"This book offers a path-breaking and meticulously detailed analysis of historical code-switching in written-origin and spoken-origin formats. Particularly effective is the recourse to original manuscripts to resolve issues of textual interpretation. Researchers in the historical linguistics field will appreciate its authoritative presentation of code-switching frameworks and how they shed light on multilingualism in earlier times." -- Richard Ingham, University of Westminster, UK
"This well-written book is essential reading for anyone interested in historical and modern code-switching, but also for historical linguists and medievalists in general, combining linguistic theory and philological analysis. The author convincingly argues that the Matrix Language Frame model, developed for modern code-switching, is fully applicable to the analysis of earlier multilingual data and that the general principles of code-switching have remained stable over the centuries." -- Herbert Schendl, University of Vienna, Austria
This book systematically discusses the link between bilingual language production and its manifestation in historical documents, drawing together two branches of linguistics which have much in common but are traditionally dealt with separately.

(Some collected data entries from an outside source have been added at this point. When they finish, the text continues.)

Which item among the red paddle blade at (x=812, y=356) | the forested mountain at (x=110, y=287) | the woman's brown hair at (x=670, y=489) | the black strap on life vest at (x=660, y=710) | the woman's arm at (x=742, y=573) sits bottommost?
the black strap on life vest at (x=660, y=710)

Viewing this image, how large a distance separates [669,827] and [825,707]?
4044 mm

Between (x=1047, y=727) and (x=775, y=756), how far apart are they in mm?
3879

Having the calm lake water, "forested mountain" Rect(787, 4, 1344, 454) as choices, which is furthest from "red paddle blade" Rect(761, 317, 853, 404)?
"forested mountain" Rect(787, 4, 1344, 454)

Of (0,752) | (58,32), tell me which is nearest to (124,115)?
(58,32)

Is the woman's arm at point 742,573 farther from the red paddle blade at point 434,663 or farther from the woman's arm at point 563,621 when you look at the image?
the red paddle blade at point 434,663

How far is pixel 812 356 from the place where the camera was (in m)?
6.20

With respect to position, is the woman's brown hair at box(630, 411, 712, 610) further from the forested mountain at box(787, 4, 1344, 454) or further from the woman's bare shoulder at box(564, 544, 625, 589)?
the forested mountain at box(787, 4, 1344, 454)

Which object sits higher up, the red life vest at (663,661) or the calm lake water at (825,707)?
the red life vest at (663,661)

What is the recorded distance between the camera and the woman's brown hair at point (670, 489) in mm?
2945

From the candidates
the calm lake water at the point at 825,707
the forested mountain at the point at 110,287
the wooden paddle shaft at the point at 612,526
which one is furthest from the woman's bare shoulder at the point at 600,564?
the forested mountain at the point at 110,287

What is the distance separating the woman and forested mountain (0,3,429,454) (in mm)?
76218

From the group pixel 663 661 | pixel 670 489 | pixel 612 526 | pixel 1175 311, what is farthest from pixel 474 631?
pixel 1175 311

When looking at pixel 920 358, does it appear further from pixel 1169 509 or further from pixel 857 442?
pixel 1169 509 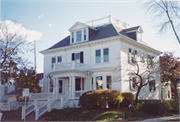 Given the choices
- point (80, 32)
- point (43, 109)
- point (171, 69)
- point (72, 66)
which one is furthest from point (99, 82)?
point (171, 69)

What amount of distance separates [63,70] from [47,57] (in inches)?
281

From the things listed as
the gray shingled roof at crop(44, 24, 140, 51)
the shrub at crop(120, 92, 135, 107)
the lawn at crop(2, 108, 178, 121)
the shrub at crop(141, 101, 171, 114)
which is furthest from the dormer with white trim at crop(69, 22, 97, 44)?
the shrub at crop(141, 101, 171, 114)

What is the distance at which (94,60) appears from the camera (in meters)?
25.5

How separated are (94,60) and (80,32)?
4721mm

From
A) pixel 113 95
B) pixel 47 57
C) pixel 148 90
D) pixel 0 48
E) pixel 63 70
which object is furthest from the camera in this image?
pixel 47 57

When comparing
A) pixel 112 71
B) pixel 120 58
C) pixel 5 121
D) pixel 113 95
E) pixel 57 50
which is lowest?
pixel 5 121

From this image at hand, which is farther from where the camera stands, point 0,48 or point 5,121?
point 5,121

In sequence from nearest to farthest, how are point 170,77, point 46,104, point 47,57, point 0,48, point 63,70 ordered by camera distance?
point 0,48
point 46,104
point 63,70
point 47,57
point 170,77

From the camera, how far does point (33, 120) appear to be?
→ 2031cm

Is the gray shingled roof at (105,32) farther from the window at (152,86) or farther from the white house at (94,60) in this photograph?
the window at (152,86)

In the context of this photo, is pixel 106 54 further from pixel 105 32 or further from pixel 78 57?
pixel 78 57

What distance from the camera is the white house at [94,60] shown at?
2384cm

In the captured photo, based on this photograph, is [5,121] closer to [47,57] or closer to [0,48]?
[0,48]

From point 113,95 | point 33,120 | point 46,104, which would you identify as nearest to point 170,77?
point 113,95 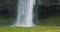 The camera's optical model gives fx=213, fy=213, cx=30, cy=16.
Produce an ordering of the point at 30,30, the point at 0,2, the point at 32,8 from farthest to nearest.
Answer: the point at 0,2 < the point at 32,8 < the point at 30,30

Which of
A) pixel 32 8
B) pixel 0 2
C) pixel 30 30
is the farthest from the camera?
pixel 0 2

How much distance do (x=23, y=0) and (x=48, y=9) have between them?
10.3 ft

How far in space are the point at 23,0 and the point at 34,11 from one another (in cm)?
133

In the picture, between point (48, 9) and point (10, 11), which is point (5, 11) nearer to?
point (10, 11)

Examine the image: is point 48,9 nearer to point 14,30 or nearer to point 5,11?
point 5,11

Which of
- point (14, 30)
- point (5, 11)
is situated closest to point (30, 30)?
point (14, 30)

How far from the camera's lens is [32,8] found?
693 inches

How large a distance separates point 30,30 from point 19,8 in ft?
26.8

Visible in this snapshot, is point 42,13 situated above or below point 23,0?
below

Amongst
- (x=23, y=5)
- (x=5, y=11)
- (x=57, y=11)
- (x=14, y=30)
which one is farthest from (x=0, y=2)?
(x=14, y=30)

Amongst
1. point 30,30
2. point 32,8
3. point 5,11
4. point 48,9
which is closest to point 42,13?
point 48,9

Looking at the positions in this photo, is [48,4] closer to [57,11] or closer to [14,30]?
[57,11]

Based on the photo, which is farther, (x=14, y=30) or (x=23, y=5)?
(x=23, y=5)

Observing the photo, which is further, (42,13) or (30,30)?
(42,13) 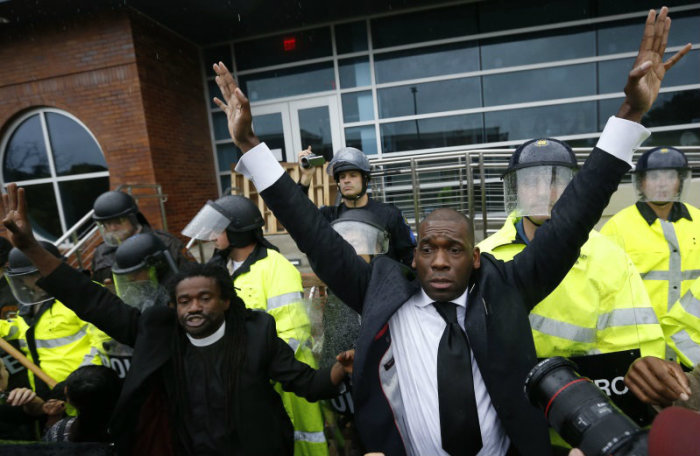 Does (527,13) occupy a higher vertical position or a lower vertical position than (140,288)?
higher

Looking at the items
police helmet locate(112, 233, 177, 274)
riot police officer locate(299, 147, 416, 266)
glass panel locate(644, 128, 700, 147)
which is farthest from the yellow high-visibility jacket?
glass panel locate(644, 128, 700, 147)

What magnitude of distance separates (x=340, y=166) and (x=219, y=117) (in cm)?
642

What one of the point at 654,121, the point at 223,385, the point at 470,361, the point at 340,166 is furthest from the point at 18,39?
the point at 654,121

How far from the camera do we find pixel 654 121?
24.5 ft

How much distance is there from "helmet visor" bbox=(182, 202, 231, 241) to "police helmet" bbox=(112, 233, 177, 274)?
21cm

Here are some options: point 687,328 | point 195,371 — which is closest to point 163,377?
point 195,371

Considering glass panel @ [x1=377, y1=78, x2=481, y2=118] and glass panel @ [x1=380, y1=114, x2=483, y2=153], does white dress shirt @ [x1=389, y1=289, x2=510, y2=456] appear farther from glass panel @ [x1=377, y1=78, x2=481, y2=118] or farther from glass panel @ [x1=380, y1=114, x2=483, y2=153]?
glass panel @ [x1=377, y1=78, x2=481, y2=118]

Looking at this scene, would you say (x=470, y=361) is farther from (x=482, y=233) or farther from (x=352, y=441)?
(x=482, y=233)

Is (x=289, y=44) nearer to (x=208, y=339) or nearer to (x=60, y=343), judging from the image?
(x=60, y=343)

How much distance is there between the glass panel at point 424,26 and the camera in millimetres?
7738

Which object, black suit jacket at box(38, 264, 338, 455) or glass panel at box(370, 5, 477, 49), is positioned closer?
black suit jacket at box(38, 264, 338, 455)

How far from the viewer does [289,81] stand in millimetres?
8602

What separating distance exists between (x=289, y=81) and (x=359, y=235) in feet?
23.6

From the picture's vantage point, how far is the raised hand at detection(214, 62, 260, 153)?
1522 millimetres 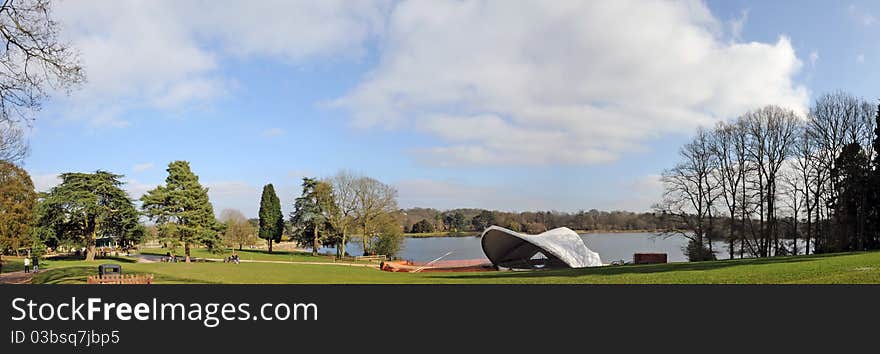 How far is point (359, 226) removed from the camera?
49781 mm

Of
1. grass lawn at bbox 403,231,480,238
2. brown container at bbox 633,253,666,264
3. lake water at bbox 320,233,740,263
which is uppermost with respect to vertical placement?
brown container at bbox 633,253,666,264

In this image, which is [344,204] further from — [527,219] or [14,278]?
[527,219]

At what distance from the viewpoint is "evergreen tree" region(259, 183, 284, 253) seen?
190 ft

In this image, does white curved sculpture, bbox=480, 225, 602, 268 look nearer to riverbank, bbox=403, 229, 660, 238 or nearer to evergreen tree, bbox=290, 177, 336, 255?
evergreen tree, bbox=290, 177, 336, 255

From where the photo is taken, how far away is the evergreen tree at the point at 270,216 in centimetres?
5803

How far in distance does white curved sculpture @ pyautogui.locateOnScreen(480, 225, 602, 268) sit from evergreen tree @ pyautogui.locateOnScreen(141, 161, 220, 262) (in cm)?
1986

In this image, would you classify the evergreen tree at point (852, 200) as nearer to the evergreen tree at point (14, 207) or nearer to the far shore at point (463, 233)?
the evergreen tree at point (14, 207)

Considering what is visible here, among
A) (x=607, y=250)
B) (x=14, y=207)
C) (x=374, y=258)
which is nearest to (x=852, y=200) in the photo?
(x=607, y=250)

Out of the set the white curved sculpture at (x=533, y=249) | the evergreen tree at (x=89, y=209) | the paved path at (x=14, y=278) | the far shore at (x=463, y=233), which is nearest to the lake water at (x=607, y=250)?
the white curved sculpture at (x=533, y=249)

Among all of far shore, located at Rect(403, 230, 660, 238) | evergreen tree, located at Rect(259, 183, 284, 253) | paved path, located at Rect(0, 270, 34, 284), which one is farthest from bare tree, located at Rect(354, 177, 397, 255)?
far shore, located at Rect(403, 230, 660, 238)

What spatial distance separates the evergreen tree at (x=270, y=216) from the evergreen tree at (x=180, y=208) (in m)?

By combining the study of historical mixed texts with the principles of modern code-switching and bilingualism research, the author argues that the cognitive processes underpinning the human capacity to produce mixed utterances have remained unchanged throughout history, even as the languages themselves are constantly changing. This book will be of interest to scholars of historical linguistics, syntactic theory (particularly generative grammar), language variation and change.
Mareike L. Keller is Junior Lecturer at Mannheim University, Germany. Her research focuses on historical bilingualism and code-switching patterns.